**What you have to do:**
A word-for-word copy of the data, pictures excluded, is what this task asks for.

Supplied information START

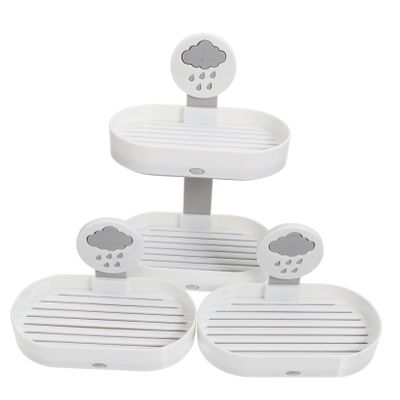 Amosfun 3pcs Pp Material Suction Soap Dish Wall Mount Bar Soap Holder for Kitchen Bathroom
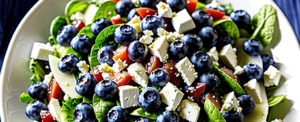 Blaubeeren Feta getrocknete Pflaumen Salat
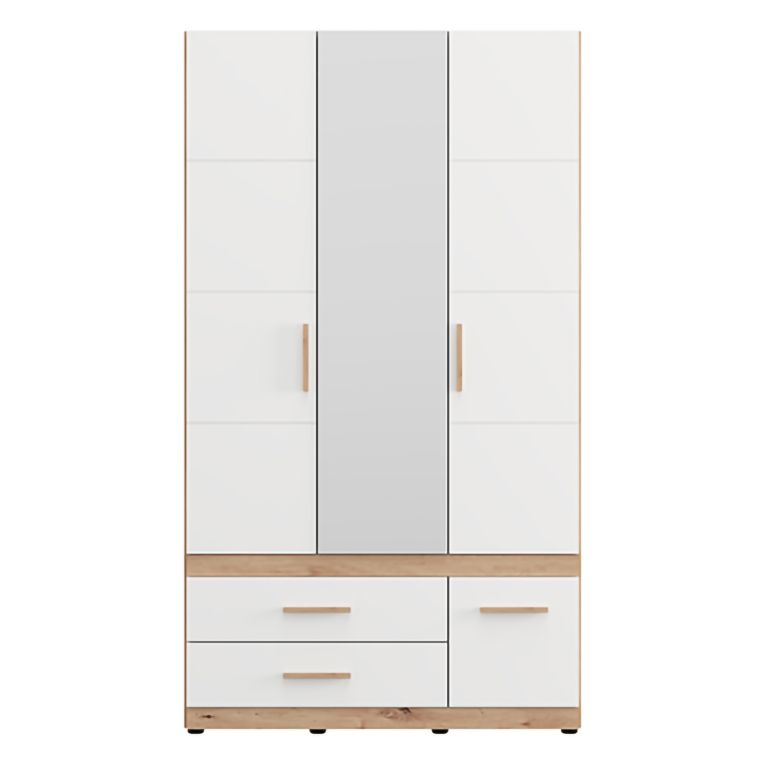 Guardaroba 3 Ante Bianco Opaco Marrone Rovere Nodi Appendiabiti 3 Cassetti 117x52 cm, 2 Ripiani - Yelapa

Supplied information END

**Final answer:**
 Amosfun 3pcs Pp Material Suction Soap Dish Wall Mount Bar Soap Holder for Kitchen Bathroom
 Blaubeeren Feta getrocknete Pflaumen Salat
 Guardaroba 3 Ante Bianco Opaco Marrone Rovere Nodi Appendiabiti 3 Cassetti 117x52 cm, 2 Ripiani - Yelapa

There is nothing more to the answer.